8x OGAA - what's the point?

Discussion in 'General 3D Technology' started by BoddoZerg, Nov 19, 2002.

  1. SA

    SA
    Newcomer

    Joined:
    Feb 9, 2002
    Messages:
    100
    Likes Received:
    2
    Better than an order grid or rotated grid is a sparsely sampled grid. For best results you use different patterns for different pixels. The patterns should be based on the pixel screen location and shouldn't vary from frame to frame for a given pixel (to eliminate pixel flashing). Sparsely sampled grids are easiest to implement using a lookup table for the patterns and a small library of programmable patterns. Note that the sparse sampling guarantees that near horizontal and near vertical edges have N gradations in intensity where N is the number of samples (this is easiest to see by noticing there is one sample on every row of the grid, the same is true for columns).

    There are two reasons why sparsely sampled grids are better than rotated grids. First, they allow different patterns across nearby pixels. This breaks up patterns across pixels that would otherwise result in aliasing.
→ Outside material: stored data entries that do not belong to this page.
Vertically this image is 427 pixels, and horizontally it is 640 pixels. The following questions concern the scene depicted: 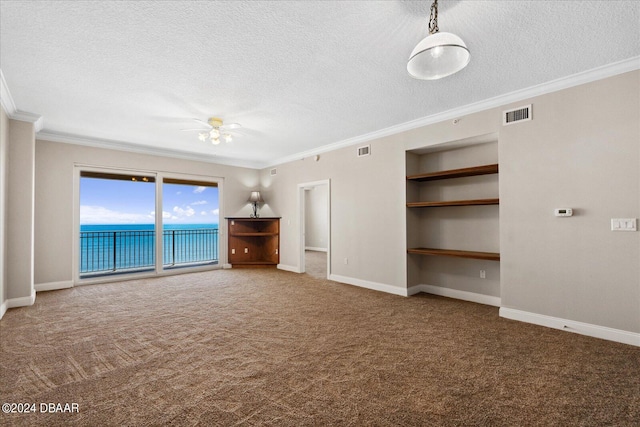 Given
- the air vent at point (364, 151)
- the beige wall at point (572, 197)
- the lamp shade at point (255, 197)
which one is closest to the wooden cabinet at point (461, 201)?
the beige wall at point (572, 197)

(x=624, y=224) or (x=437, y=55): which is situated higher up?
(x=437, y=55)

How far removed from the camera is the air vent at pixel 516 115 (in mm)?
3525

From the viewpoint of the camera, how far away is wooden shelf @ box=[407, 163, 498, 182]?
12.8ft

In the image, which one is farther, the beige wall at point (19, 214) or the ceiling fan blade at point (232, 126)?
the ceiling fan blade at point (232, 126)

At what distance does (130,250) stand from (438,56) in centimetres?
793

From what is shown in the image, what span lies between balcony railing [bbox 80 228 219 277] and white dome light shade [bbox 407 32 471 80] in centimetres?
640

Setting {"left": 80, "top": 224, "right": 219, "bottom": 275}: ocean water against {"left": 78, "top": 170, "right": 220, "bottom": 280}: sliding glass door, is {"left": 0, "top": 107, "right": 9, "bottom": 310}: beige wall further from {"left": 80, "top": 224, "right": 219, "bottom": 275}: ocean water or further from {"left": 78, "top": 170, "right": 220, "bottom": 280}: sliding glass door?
{"left": 80, "top": 224, "right": 219, "bottom": 275}: ocean water

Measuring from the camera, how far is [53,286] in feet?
17.1

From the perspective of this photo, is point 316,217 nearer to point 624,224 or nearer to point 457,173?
point 457,173

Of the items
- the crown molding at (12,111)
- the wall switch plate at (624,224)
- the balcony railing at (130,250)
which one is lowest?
the balcony railing at (130,250)

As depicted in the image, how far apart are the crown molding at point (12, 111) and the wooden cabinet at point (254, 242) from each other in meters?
3.85

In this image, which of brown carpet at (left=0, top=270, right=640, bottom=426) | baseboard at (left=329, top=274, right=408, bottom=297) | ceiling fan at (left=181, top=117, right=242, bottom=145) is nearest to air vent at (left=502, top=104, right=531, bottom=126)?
brown carpet at (left=0, top=270, right=640, bottom=426)

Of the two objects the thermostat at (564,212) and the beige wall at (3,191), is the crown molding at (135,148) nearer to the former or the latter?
the beige wall at (3,191)

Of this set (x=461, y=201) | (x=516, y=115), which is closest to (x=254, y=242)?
(x=461, y=201) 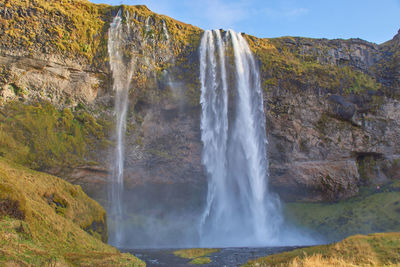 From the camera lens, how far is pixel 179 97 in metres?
37.9

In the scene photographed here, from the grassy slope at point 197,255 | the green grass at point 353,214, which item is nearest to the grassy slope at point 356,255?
the grassy slope at point 197,255

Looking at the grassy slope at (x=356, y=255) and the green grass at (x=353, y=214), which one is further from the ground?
the green grass at (x=353, y=214)

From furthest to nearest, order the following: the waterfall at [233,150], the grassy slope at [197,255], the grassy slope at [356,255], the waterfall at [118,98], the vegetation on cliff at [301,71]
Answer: the vegetation on cliff at [301,71]
the waterfall at [233,150]
the waterfall at [118,98]
the grassy slope at [197,255]
the grassy slope at [356,255]

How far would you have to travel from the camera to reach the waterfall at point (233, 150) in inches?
1442

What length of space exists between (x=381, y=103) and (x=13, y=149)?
43.0m

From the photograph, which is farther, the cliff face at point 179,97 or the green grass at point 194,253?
the cliff face at point 179,97

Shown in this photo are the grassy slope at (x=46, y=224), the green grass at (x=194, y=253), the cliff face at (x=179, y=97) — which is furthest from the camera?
the cliff face at (x=179, y=97)

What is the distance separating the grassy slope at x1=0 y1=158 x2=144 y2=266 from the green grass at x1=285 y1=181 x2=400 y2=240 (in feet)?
82.9

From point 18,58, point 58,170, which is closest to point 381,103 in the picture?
→ point 58,170

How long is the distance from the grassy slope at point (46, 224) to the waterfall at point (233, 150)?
15.3m

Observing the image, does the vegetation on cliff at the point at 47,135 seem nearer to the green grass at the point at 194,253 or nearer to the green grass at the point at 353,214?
the green grass at the point at 194,253

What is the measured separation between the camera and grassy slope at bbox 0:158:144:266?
1182cm

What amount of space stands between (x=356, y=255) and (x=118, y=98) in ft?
91.9

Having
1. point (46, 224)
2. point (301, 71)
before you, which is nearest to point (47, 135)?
point (46, 224) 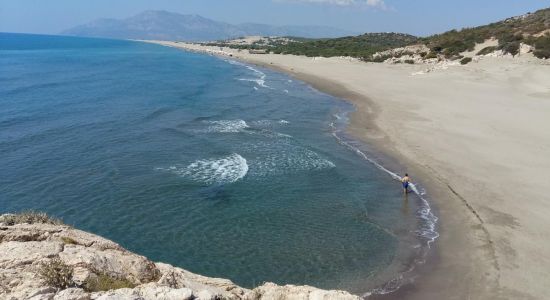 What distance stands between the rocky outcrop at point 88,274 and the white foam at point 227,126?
26933 mm

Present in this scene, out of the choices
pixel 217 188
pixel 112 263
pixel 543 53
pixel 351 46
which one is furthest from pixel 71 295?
pixel 351 46

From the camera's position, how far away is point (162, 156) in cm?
2862

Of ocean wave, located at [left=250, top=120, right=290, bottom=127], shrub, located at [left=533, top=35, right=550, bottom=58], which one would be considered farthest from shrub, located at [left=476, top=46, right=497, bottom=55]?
ocean wave, located at [left=250, top=120, right=290, bottom=127]

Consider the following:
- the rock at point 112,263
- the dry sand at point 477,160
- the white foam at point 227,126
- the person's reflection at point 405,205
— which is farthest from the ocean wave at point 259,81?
the rock at point 112,263

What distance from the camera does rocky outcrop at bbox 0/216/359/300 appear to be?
6.03 m

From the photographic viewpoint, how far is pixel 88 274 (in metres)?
6.80

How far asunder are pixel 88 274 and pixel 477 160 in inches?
968

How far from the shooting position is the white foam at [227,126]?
35844mm

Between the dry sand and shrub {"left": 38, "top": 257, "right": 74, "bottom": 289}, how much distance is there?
36.1 feet

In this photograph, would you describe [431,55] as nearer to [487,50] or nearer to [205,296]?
[487,50]

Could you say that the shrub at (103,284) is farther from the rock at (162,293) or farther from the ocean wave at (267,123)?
the ocean wave at (267,123)

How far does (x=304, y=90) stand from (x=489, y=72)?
24144 mm

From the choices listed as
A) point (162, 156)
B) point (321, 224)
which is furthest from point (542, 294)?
point (162, 156)

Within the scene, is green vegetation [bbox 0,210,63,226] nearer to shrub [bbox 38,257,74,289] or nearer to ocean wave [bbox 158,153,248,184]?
shrub [bbox 38,257,74,289]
The second is that it more effectively guarantees that you get N gradations for near horizontal and near vertical edges for larger sample sizes.

    Some sample patterns:


    For 4x

    --------x----
    x------------
    ------------x
    ----x--------


    For 6x

    --------x------------
    ----------------x----
    x--------------------
    ------------x--------
    ----x----------------
    --------------------x


    For 8x

    ------------------------x----
    --------x--------------------
    ----------------x------------
    x----------------------------
    ----------------------------x
    ------------x----------------
    --------------------x--------
    ----x------------------------
     
  2. Joe DeFuria

    Legend

    Joined:
    Feb 6, 2002
    Messages:
    5,994
    Likes Received:
    70
    Hmmm...

    That looks remarkably like the sample pattern analysis of the Radeon 9700 AA.

    http://www.beyond3d.com/reviews/ati/radeon9700pro/index.php?page=page15.inc

    4X is obvious:
    [​IMG]


    For the 6X shot, it appears the Dave's guesses for the "single set" of sample points (in red) might be wrong. Below, I have re-done them (in blue), and note the similarity to the "sparse" pattern as mentioned by SA:

    6X:
    [​IMG]

    (I'll flip SA's pattern along the vertical axis:)

    ------------x--------
    ----x----------------
    --------------------x
    --------x------------
    ----------------x----
    x--------------------

    We also know that ATI claims to be able to adjust sample patterns per pixel, so ATI may very well have implemented more or less exactly what SA is suggesting. From the same page linked above:

     
  3. Xmas

    Xmas Porous
    Veteran Subscriber

    Joined:
    Feb 6, 2002
    Messages:
    3,298
    Likes Received:
    137
    Location:
    On the path to wisdom
    The "word" also has it that ATI's gamma-corrected 6x MS looks better than 16xFAA. And it will be quite complicated for matrox to find intersection edges without a higher-res Z buffer. It's not impossible, but hard to do.
     
  4. EasyRaider

    Regular

    Joined:
    Oct 1, 2002
    Messages:
    431
    Likes Received:
    2
    Location:
    Norway
    What's your point? Both suggestions are sparse patterns.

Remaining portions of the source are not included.